Skip the pictures and repeat each line of the data exactly.

◆ **DATA SHOWN**:
------------
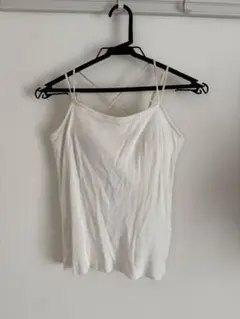 【nana 様専用】W closet ホワイト キャミソールのサムネイル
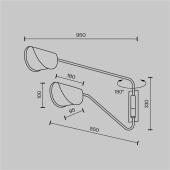 Бра Favourite Modul 4013-2W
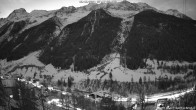 Archived image Webcam Lötschental: View from Wiler to Bietschhorn 06:00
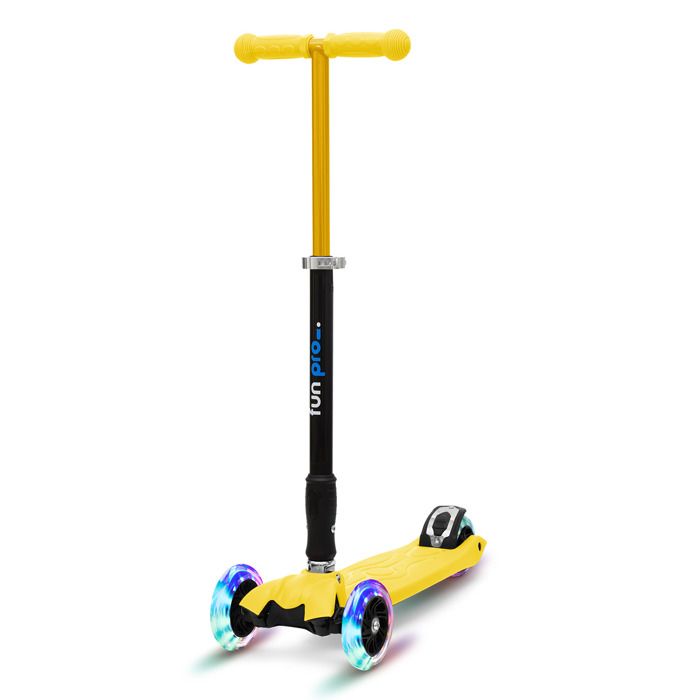 Trottinette 3 Roues PRIMO PLUS GLOW LIGHTS - Menthe - 69.99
------------
◆ **TASK RESPONSE**:
 【nana 様専用】W closet ホワイト キャミソールのサムネイル
 Бра Favourite Modul 4013-2W
 Archived image Webcam Lötschental: View from Wiler to Bietschhorn 06:00
 Trottinette 3 Roues PRIMO PLUS GLOW LIGHTS - Menthe - 69.99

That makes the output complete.